Rush: Working Men Page 2

When asked about this and his band's stance on the ongoing loudness wars in recorded sound—ie, dynamic range vs maximum volume, much of the latter spurred by the popularity of the Apple iPod—Lifeson is quick to give his side. "Over anything else, dynamics are the most important thing to us. And it is a bit of a struggle, it is a war. Vapor Trails [2002], for example, was mastered so hot, it really wrecked the album. I can't listen to that record. It's so flat and has so much distortion that we really want to remix that record. It was out of our hands when it was mastered, and the mastering engineer did a poor job. He's the first one to admit it. He really pushed it.

"I think with [Clockwork Angels], when we were in the mastering phase, we really went back and forth a lot," Lifeson continues. "We did test masters. We mixed a couple songs at a time, mastered a couple songs at a time. Unfortunately, in this day and age, you've got to try and find some middle ground. The problem is, the way people listen to music now, they don't listen to one kind of music all the time. It's on your iPod or your iPhone or whatever, and you've got hundreds if not thousands of songs, and I guess you need some kind of level that's standard to everything, and I think that's why there's this kind of push to go louder—but it kills dynamics, and really sucks those moments out of the mix."

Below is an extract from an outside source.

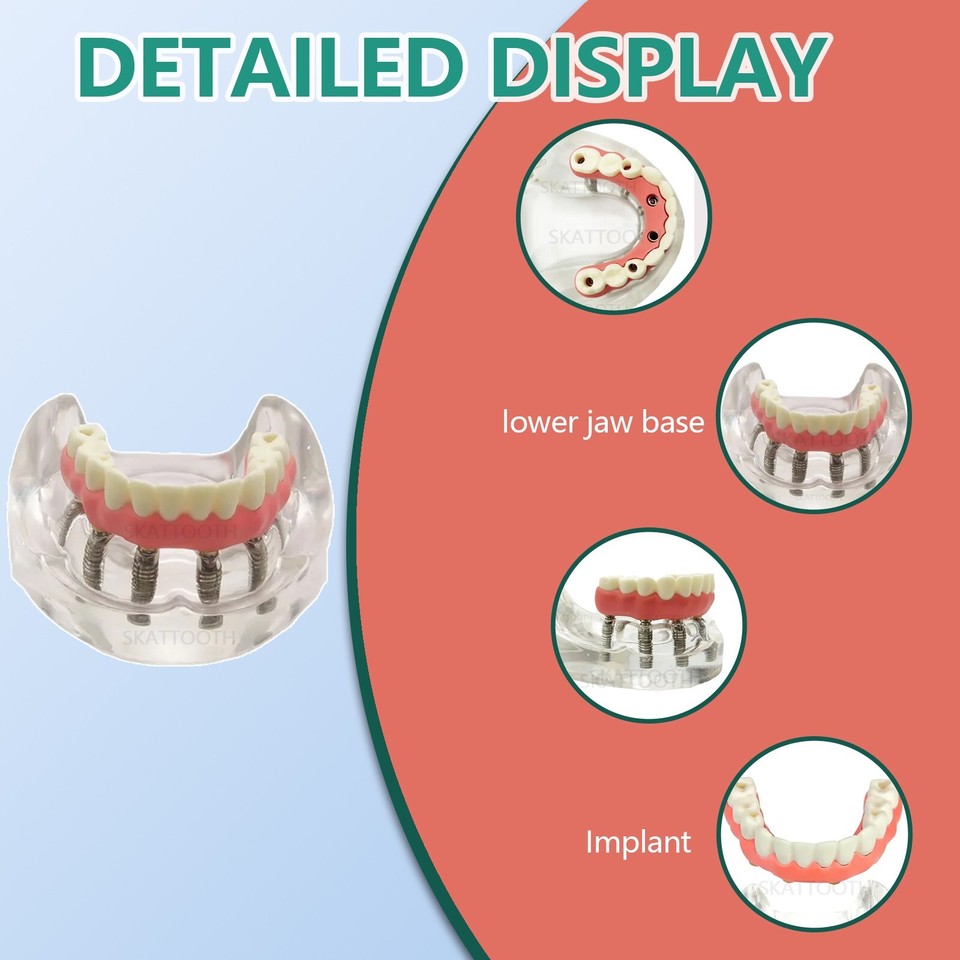 All on 4 dental implants dentures - Full mouth reconstruction abroad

While the sonics of Rush albums including Clockwork Angels vary from muddled and squashed to extremely good for rock records meant to jump out of a radio (and so compressed to varying degrees), those records have undergone several remasterings in recent years, most recently and most controversially for the three Sector boxed sets released in 2011. Those contain, in chronological order, the 15 albums Rush recorded for Mercury (now owned by Universal), all remastered, according to marketing info, in hi-rez 24/96 audio. Each set also contains one album on DVD-Audio, remixed in 24/96 stereo and 5.1-channel surround sound. Besides glitches that appeared on several discs (which were replaced free of charge by the band), Rush fansites report that other than the DVD title, the remaining albums in each set were downsampled to 16-bit/44.1kHz. Calls for comment to Universal Music Enterprises went unanswered.

On the website www.rushisaband.com, engineer Andy VanDette had this to say about how he remastered the band's back catalog:

"I wanted to do as little as possible so that the masters could truly speak for themselves. Being recorded in the vinyl era, they were optimized for that medium. People like more bottom end these days—and with earbuds and laptops as the primary playback monitors, it is understandable. I tried to nudge them in a warmer, thicker direction, but not cloud the guitars or the legendary Neil Peart snare. . . Handling analog masters that are over 30 years old makes people nervous. [Laughs.] I cleaned the tape heads after every song to make sure tape shedding hadn't even started. Indeed, some tapes didn't sound as good as others—after all, they've been sitting on a shelf for however many years. In some cases the 192kHz digital master tape copies from the Rush archive sounded better. I think those transfers would have been made about seven years ago. . .

"Some of the albums weren't as thin toppy as I thought they were going to be. And for some I had a better source than the 1997 remasters. Some are brighter and clearer. Grace Under Pressure I tried for three days to make the tape transfer that I did sound as good as the existing CD. I figured that with the kind of care I put into the transfer—and having the original source—it would be a no-brainer; that this would be better than what's been out there. But it just wasn't the case: the tape didn't age well. It had lost lots of clarity. So I ended up using the 192kHz transfer.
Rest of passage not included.